Desde que ELITE chegou na NETFLIX, de cara conquistou o público. Seja pela forma que os criadores escolheram para contar a história, sempre apresentando seu mistério e construindo a narrativa em cima dele; seja por sua pegada jovem e sem muito pudor da burguesia espanhola.

Ao fim do terceiro ano, nos despedimos de personagens icônicos que nos acompanharam por três anos: Lucrécia, Nadia e Carla; além de possuírem arcos incríveis, desempenhavam reviravoltas significativas, além de acrescentar um toque de feminilidade e de força necessária à trama. Outras baixas, do terceiro ano foram as de Valério que trazia um frescor para o elenco e de Polo, que acabou sendo a morte da temporada.

A saída destes cast members, foi o ponto inicial para a dúvida dos fãs: E agora como será?

Tivemos a oportunidade de conferir os 4 primeiros episódios da nova temporada de ELITE, e trouxemos aqui nossas primeiras impressões.

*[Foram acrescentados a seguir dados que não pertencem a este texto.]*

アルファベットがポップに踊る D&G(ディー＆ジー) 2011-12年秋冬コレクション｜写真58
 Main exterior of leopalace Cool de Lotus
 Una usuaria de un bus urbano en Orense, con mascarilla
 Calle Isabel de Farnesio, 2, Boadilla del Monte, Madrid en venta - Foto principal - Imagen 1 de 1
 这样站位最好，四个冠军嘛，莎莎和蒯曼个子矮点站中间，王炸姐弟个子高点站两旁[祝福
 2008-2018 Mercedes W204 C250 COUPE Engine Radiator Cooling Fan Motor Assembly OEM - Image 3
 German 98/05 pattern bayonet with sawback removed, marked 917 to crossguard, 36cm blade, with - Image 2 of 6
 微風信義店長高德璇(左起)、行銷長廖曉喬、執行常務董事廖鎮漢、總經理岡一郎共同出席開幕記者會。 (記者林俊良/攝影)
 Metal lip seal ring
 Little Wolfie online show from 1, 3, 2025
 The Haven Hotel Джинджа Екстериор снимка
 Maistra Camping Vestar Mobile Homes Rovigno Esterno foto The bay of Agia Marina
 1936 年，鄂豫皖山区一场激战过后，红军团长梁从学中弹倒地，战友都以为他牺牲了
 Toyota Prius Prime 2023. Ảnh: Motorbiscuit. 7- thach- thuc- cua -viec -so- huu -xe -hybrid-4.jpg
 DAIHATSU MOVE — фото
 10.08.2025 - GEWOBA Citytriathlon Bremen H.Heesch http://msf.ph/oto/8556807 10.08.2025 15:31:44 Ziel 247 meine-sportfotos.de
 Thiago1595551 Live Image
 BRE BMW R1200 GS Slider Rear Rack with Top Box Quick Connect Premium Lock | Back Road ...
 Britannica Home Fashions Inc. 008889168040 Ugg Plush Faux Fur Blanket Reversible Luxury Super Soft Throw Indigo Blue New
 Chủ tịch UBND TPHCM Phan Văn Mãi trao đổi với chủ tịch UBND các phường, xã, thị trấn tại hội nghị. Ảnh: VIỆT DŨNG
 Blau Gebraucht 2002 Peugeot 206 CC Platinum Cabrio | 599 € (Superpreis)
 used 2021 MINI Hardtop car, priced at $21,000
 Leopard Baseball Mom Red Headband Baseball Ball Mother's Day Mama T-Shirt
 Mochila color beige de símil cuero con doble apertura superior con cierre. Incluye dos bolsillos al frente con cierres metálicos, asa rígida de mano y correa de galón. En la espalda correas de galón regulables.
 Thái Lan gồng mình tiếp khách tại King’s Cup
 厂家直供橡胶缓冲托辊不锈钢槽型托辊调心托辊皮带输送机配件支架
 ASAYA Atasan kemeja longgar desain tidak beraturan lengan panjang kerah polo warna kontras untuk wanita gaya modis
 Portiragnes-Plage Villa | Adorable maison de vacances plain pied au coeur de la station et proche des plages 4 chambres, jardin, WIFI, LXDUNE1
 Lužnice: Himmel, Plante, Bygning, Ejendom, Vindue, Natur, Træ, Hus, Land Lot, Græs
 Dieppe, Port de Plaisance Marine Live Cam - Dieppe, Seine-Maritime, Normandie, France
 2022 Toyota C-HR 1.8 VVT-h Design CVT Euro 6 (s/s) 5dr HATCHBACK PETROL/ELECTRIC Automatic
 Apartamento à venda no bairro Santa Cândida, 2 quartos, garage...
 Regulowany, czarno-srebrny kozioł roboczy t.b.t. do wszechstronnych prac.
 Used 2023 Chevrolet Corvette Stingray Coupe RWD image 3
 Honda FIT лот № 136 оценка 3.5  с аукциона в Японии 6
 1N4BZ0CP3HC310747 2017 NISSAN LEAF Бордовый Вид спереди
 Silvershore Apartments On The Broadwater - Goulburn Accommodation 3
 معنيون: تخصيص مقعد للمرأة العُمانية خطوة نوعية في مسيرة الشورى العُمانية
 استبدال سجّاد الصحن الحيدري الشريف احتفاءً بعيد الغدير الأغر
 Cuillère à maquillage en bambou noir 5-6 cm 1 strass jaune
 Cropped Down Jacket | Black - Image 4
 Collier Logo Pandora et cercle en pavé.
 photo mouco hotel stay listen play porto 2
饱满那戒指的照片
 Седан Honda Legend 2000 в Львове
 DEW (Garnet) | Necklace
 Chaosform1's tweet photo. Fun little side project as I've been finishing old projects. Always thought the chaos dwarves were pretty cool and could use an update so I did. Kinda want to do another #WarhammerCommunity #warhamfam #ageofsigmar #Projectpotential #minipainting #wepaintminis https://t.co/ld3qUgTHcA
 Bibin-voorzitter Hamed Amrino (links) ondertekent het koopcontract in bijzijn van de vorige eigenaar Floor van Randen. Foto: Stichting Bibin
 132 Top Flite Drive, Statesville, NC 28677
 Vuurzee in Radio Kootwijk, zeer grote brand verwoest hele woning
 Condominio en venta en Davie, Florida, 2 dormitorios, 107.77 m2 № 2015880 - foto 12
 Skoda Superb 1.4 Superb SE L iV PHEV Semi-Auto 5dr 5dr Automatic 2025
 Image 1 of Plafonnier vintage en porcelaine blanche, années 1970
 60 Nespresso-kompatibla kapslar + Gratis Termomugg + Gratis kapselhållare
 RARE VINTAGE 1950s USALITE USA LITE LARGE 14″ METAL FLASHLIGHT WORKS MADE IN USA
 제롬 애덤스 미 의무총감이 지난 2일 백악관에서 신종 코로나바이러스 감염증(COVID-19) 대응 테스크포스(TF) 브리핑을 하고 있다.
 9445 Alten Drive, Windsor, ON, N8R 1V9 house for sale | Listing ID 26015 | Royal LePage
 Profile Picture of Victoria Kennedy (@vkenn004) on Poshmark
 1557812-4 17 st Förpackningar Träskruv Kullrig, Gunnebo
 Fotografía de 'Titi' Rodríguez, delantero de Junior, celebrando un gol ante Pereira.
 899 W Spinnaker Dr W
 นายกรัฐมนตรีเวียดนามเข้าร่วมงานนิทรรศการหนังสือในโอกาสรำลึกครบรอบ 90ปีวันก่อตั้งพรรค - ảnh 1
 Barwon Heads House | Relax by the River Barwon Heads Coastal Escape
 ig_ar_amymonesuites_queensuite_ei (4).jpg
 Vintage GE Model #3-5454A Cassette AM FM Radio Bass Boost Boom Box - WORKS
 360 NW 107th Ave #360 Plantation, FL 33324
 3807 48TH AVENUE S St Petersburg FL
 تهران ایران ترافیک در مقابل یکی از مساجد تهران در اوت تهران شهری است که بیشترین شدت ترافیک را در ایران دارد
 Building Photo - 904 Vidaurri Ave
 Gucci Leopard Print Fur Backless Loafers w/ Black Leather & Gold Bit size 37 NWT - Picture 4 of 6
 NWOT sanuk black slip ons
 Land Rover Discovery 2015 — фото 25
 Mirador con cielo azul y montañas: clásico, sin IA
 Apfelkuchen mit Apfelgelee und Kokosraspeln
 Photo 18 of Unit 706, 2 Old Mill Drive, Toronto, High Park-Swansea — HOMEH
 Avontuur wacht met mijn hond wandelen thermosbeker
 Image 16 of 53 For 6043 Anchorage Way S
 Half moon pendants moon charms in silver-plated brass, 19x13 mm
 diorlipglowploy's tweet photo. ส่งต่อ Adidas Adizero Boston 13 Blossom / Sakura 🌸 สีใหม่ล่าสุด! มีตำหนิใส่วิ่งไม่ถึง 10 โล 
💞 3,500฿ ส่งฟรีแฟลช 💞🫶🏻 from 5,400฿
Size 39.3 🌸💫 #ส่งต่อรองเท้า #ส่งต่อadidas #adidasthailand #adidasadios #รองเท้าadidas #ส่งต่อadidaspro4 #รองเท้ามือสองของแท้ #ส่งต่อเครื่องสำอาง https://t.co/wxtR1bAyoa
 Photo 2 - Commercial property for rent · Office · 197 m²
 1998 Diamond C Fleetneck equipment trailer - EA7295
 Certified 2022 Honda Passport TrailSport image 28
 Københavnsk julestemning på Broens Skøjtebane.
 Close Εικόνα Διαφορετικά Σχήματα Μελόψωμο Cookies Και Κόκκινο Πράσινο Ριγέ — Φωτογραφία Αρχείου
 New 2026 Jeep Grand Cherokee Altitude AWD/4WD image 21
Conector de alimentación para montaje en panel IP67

A nova temporada, mantém a mesma contação de história dos anos anteriores, somos apresentados à um crime, e a partir dele todos os episódios vão sendo desenvolvidos; Esse novo ano do show, é marcado pela chegada de um novo diretor ao Las Encinas, um diretor bem linha dura e seus filhos. Os alunos parecem não aceitar muito bem, nem o gestor, nem a família. E os estudantes fazem “greve” para ajudar Samu e Omar que estão prestes a perder suas bolsas.

A cota de membros reais em ELITE é preenchica com a chegada de um príncipe da corte franco espanhola, ele é parte fundamental do arco de Cayetana, e funciona quase como um novo conto da Cinderella, mas ao mesmo tempo, nos deixa com uma pulga atrás da orelha que ansiamos ver mais para chegar a uma conclusão sobre.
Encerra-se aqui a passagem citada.